As the Chinese Grand Prix looms, Formula 1 faces its third major negative set back in as many races, as Red Bull owner Dietrich Mateschitz has again threatened that his company will quit the sport if they cannot get a competitive engine.
This is the second damaging Red Bull-related story to emerge this year after the very public spat between the team and engine supplier emerged prior to the Malaysian Grand Prix.
Speaking to the Austria Press Agency, Mateschitz commented: “We’ll only stay in Formula 1 if we have a competitive team, and we need a competitive power unit for that. If we don’t have one, we can race with the best car and the best drivers and still have no chance of competing for victory.”
Getting its house in order
It is perhaps now time that Formula 1 Holdings and the FIA stepped in on such matters, as to have three highly controversial, public and frankly unprofessional disputes from teams played out in the media is having a considerably detrimental impact on the F1 brand and its supporters.

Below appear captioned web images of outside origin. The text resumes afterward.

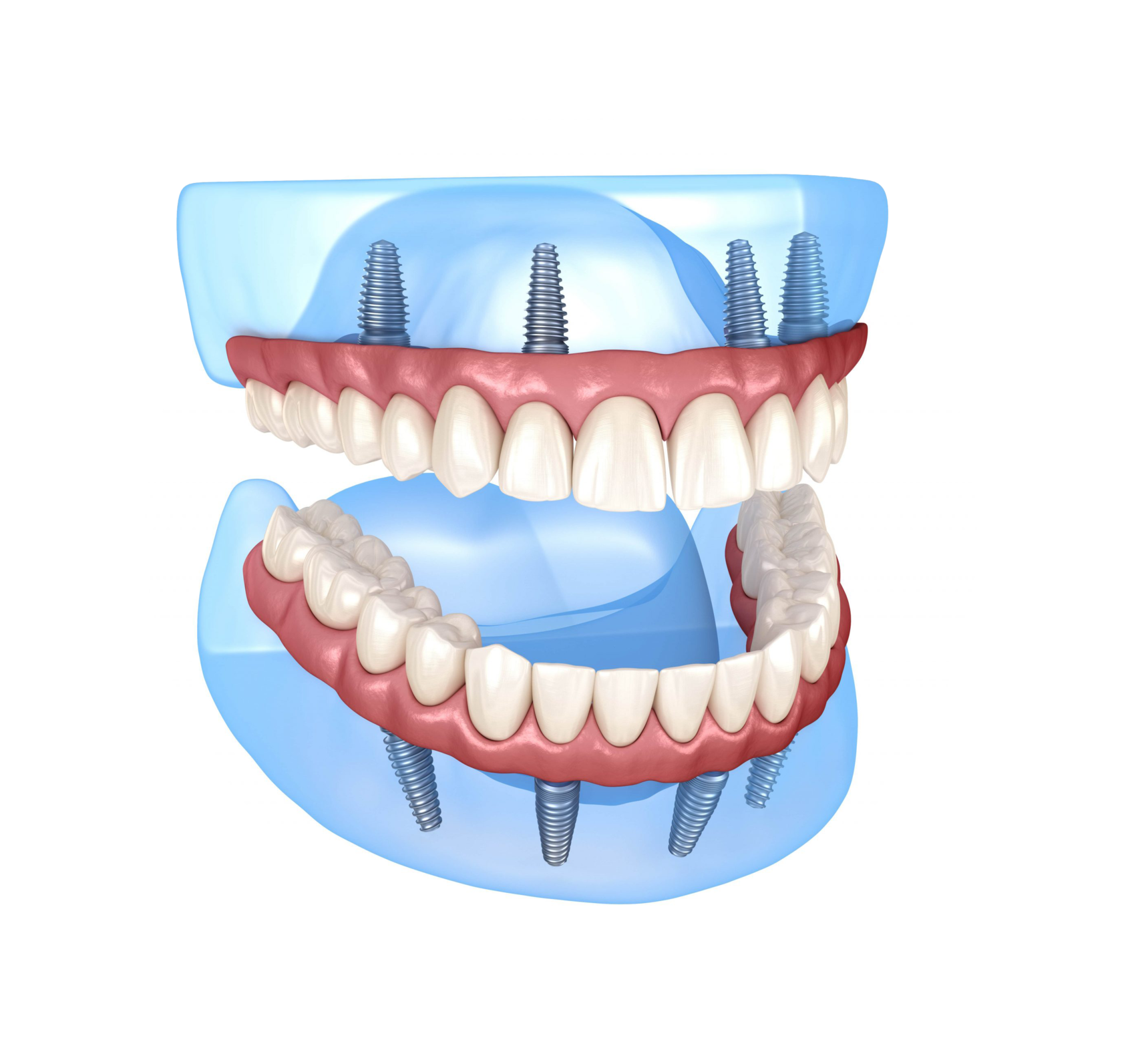 Имплантация зубов по технологии «all on 4». Имплантация челюсти на 4 имплантах.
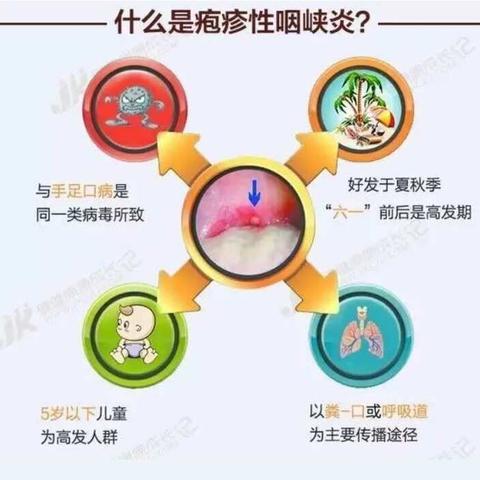 【疾病早预防】疱疹性咽峡炎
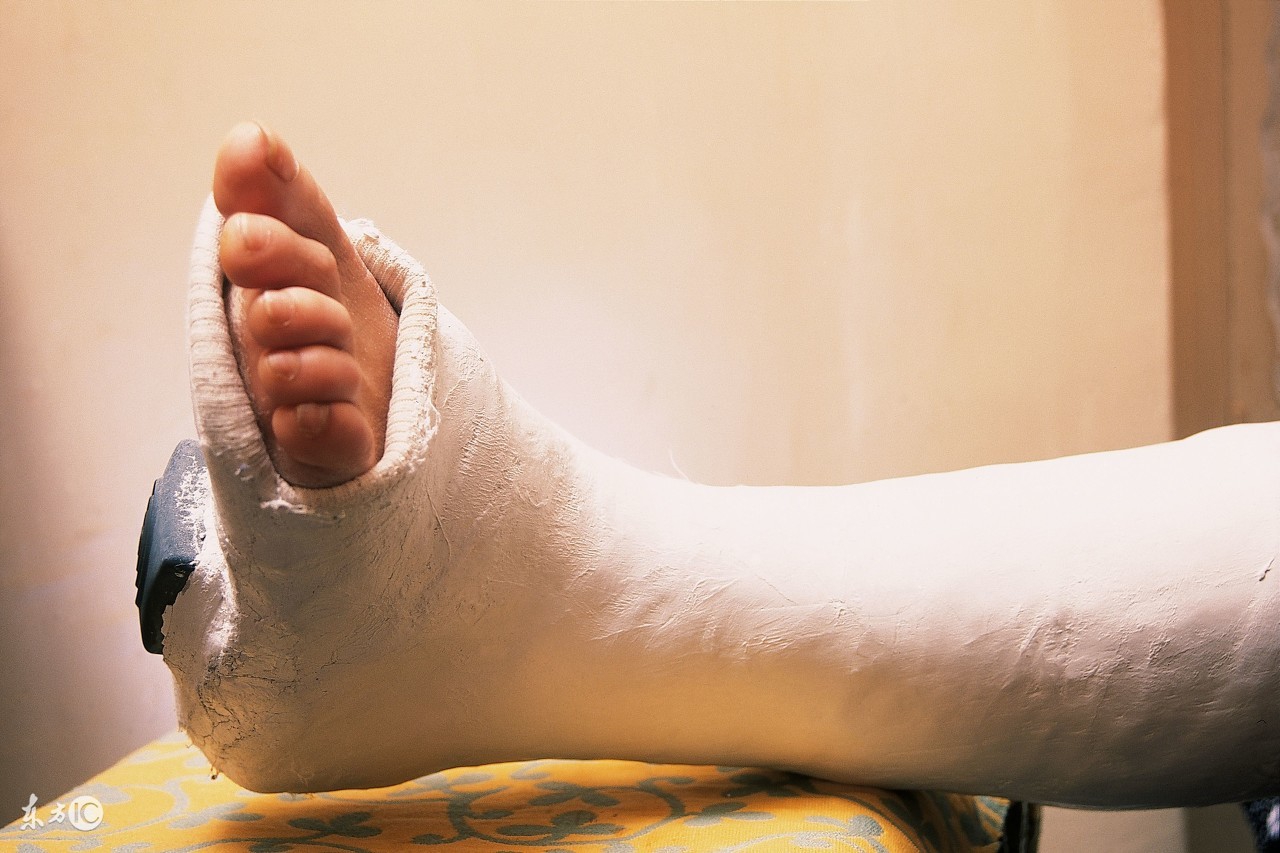 打球出现了骨折怎么处理,球场骨折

Fans watch racing for the on-track entertainment but with so many rumours circulating about bankruptcy of teams and the sport itself, contractual disputes and regulatory politics, supporters face an uncertain time.
While the cat-and-mouse nature of using the media to play out the sports latest dramas can provide some entertainment, it gives the impression that the sport is not being governed properly and that greater issues could be on the horizon.
Bullish quit credibility?
It is fair to speculate that much of Mateschitz current stance is bluster as the team seeks a better deal for its engines and is placing pressure on the FIA to open up the regulations to allow greater parity between power units.
However, it is doubtful that the team would quit the sport, particularly having reportedly invested upwards of €200 million in the upgrading of the Red Bull Ring circuit, which made its return to the F1 calendar in 2014.
Furthermore, the business has benefitted from its sporting affiliations, with over €5 billion worth of energy drinks sold in 2013 (according to Euromonitor) as increases in product sales aligned with their F1 World Championship winning campaigns.
This approach is unlikely to gain many friends in the paddock and is also highly off-putting to fans. Red Bull has had its successes, and many of them, but for various reasons they are less competitive this season – perhaps private negotiations would provide a better pay-off without damaging their reputation in the long-term.